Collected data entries
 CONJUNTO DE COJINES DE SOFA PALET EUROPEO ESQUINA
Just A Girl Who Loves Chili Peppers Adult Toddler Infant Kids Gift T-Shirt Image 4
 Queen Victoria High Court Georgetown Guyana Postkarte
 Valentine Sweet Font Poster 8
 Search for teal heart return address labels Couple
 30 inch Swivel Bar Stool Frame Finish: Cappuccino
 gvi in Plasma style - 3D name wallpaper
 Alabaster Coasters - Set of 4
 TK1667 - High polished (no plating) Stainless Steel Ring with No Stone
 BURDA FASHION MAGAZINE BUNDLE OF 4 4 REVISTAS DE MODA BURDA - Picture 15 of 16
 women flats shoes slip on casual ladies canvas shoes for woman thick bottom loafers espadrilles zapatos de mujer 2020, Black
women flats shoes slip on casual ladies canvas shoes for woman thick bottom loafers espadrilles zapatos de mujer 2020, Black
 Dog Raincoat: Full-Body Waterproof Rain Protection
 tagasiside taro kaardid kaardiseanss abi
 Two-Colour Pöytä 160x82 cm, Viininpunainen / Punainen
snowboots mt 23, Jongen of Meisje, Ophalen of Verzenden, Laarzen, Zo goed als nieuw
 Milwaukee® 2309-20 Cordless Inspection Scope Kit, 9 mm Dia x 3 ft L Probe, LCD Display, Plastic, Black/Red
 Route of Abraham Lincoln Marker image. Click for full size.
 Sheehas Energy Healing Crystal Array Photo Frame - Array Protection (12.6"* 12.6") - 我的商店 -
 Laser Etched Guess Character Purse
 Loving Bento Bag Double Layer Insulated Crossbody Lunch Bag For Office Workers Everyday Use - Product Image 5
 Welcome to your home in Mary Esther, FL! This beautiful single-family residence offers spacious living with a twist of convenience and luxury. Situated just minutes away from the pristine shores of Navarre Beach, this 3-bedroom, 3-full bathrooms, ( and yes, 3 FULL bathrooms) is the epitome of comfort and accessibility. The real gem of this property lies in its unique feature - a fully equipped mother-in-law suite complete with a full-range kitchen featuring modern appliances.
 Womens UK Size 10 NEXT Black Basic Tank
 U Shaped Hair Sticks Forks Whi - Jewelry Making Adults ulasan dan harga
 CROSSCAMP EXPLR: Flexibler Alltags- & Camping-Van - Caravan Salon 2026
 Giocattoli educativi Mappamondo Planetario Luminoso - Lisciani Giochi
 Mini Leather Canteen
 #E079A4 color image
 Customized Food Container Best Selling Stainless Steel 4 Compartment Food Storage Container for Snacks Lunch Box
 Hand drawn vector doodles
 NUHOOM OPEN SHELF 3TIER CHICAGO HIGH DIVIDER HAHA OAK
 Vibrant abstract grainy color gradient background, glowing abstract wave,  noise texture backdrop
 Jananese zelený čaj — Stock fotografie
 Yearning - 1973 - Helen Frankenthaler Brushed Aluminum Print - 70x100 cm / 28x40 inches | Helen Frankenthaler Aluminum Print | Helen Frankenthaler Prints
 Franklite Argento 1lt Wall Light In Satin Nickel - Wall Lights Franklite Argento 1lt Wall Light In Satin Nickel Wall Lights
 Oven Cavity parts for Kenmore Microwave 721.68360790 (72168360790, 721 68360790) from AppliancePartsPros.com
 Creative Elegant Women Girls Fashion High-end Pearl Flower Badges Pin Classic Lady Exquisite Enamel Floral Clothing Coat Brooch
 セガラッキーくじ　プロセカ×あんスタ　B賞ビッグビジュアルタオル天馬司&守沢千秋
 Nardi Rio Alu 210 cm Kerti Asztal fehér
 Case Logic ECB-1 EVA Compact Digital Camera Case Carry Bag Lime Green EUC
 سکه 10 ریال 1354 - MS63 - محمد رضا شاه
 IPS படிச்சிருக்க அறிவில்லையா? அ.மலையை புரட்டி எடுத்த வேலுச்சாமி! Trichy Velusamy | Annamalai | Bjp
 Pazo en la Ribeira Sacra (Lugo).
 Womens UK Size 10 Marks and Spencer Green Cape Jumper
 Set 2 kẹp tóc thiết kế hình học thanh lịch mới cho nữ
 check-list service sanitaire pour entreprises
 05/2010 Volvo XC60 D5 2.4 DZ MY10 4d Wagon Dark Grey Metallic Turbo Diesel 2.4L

ACTIVITY | Starting at the line that has "Queen Victoria High" in the records above, restate word for word every line until the one that has "TK1667 - High", and include that one as well.

SOLUTION TO THE PROBLEM |
 Queen Victoria High Court Georgetown Guyana Postkarte
 Valentine Sweet Font Poster 8
 Search for teal heart return address labels Couple
 30 inch Swivel Bar Stool Frame Finish: Cappuccino
 gvi in Plasma style - 3D name wallpaper
 Alabaster Coasters - Set of 4
 TK1667 - High polished (no plating) Stainless Steel Ring with No Stone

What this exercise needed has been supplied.